*WHAT YOU HAVE TO DO*. Write the listing below out again word for word, without a single picture.

*DATA SHOWN*.
▬▬▬▬▬▬
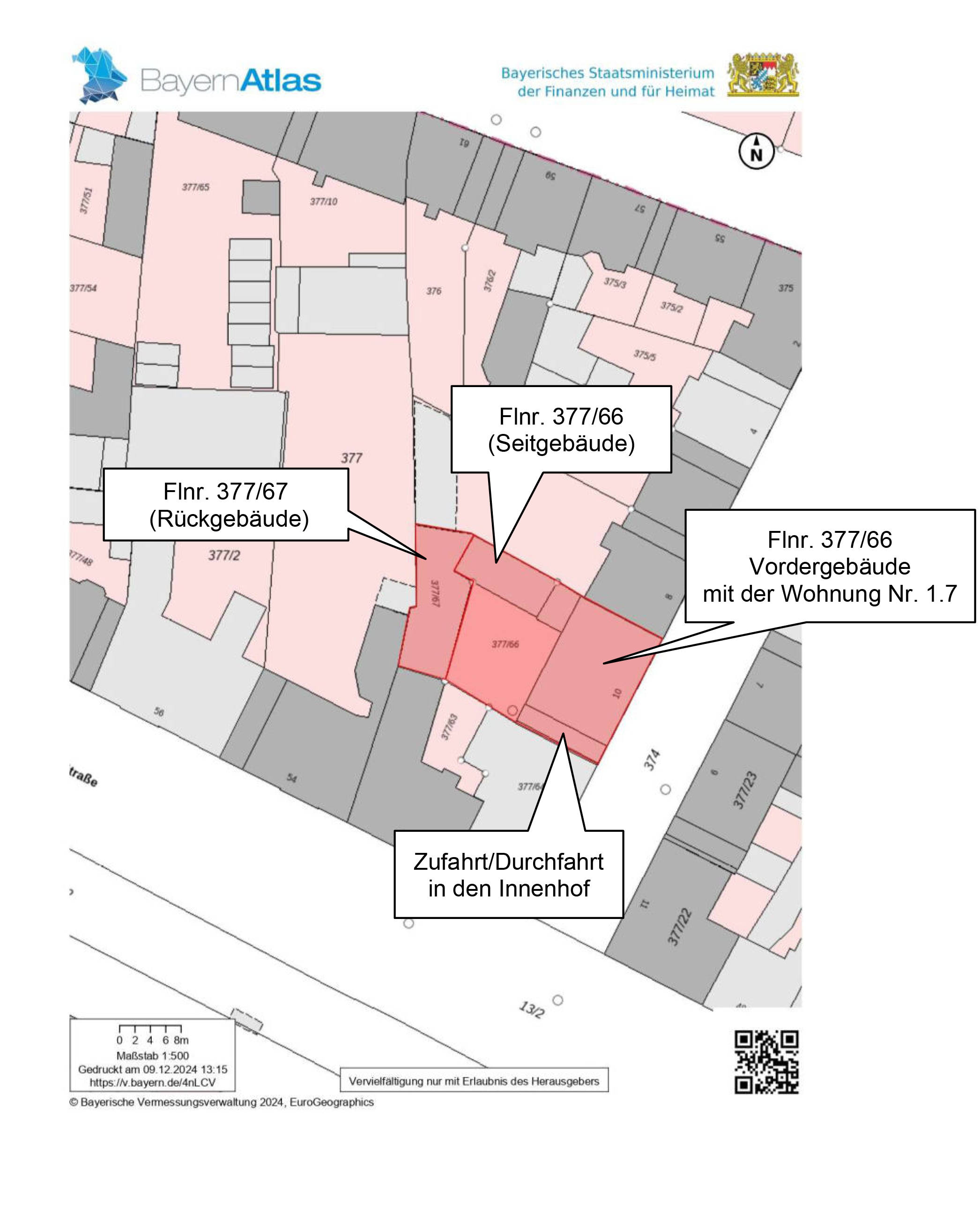 bayern 0006 K 0129/2024 Saldorferstraße 10, 90429 Nürnberg 9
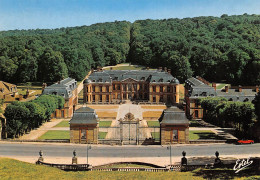 DAMPIERRE EN YVELINES Le Chateau Vu Générale Panoramique 15 (scan Recto Verso)PFRCR00082P - Dampierre En Yvelines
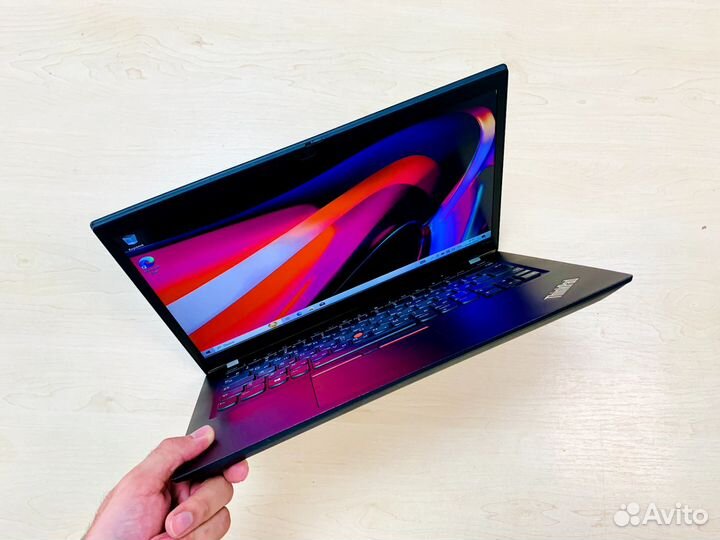 ThinkPad i7 32ram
▬▬▬▬▬▬
*EXERCISE SOLUTION*.
 bayern 0006 K 0129/2024 Saldorferstraße 10, 90429 Nürnberg 9
 DAMPIERRE EN YVELINES Le Chateau Vu Générale Panoramique 15 (scan Recto Verso)PFRCR00082P - Dampierre En Yvelines
 ThinkPad i7 32ram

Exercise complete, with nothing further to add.